JS - At that moment, the door opens, and it's me looking for whatever it was, probably the food, and the door opens I go, oh, and David was saying, I'm saved. I go, I'm sorry I didn't know you were having a meeting, and I closed the door and left. David says, now I'm gonna die again. So his chance to be rescued was lost. 'Cause it was so typical of any meeting it wasn't that unusual for me to open a door and see Meat nude, strangling David, and calling him a thief, so I just thought it was another meeting.
JS - We went from there, and did a show in Philadelphia, which is known almost legendarily as the Battle Of Philly. Opening actually for Southside Johnny which is the band that Miami Steve was in. It was one of the few shows we opened for anyone but we, it was (WORD?) 'cause WMMR, the big station in Philadelphia, was broadcasting it live so it was important exposure for us, and there were so many things that went wrong.
JS - I won't bore you with them but they were really sorry they let us use the piano. We didn't have our own piano, so I said, is it all right if we use your grand piano rather than some horrible little piano the theater has? They said, oh yeah, use our piano. They didn't realize how hard I play. I played ridiculously hard on the piano. It comes from, you know, wanting to bleed. I played so hard that six keys flew out of the piano.
JS - It was one of the funniest things I've ever seen. You saw this key just fly out. The string broke and then the key gets ricocheted out. They couldn't use their piano for their show and they were furious. Then when Meat came out the one thing they warned him about, they said, look this is going out on the air live. Don't curse, we don't have a delay going, it's broken.
JS - So just control the, and I swear, the (WORD?) you'll have to bleep it but Meat Loaf comes out and he goes, how are you doing, you mother fuckers Philadelphia? Mother fuckin' Philadelphia. He just says mother fuckin' about 40 times in a row, and from there it was downhill 'cause he was still upset from Washington. He was totally drunk, I think, and he poured a bottle of gin over the head of Steve Buslowe, the bass guitarist while he's playing the bass guitar. It could have electrocuted him.

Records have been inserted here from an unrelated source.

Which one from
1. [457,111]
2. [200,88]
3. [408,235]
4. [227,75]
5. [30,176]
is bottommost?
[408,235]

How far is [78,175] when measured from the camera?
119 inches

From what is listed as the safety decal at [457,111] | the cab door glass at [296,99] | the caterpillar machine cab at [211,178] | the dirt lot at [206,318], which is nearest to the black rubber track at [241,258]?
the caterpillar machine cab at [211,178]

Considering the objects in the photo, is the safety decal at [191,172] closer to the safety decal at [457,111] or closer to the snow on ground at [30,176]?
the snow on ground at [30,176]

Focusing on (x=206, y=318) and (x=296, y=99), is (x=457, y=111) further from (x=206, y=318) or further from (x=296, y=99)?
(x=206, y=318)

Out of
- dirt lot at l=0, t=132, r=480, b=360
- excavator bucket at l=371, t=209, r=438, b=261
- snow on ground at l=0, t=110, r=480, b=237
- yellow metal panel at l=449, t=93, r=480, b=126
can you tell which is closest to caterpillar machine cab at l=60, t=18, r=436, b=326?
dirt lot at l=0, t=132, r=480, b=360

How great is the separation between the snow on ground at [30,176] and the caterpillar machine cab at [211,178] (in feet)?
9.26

JS - He was throwing beer bottles behind him. They were crashing and breaking against the drums. It was really like a danger zone but that was always the case. Doing a show with Meat was always a dangerous occurrence. I mean that literally. There's always a chance of physical danger 'cause he was, in a way, a very scary thing. A guy who did not have any conscious inhibitions when he was on stage and that can be dangerous for other people.
JS - Even just the sound level. I remember we got so scared at one point. He had the loudest monitors ever for his vocals and they were on the side and they were right next to me on the piano, literally maybe three feet away. This is his vocal monitor. His vocal monitor was just his voice which he needed because he was hard of hearing in one ear. It's all (WORD?), he wanted the heavy treble.
JS - So this unbelievably bright, loud vocal. Trying to make you understand how loud it is, they tested Kiss, Gene Simmons told me and Kiss was, I might not have the number exactly right, something like 143 dB or something. It was what a jet plane was taking off Kiss was clocked at, which was amazing. You know, cause of permanent damage to your ears and all that. They did it for us and we were like 8 dB hotter for the band.
JS - But the amazing thing is, I asked them would they do the monitor? The monitor was something like 160 dB, just the monitor. So I had the equivalent of a jet plane plus like 100 people screaming in my ear for months and I got really nervous. I remember I went to a doctor in Detroit who told me my hearing was perfect, but then again he was a doctor in Detroit, who knows? It was really an ordeal every night, the show, for a lot of physical reasons.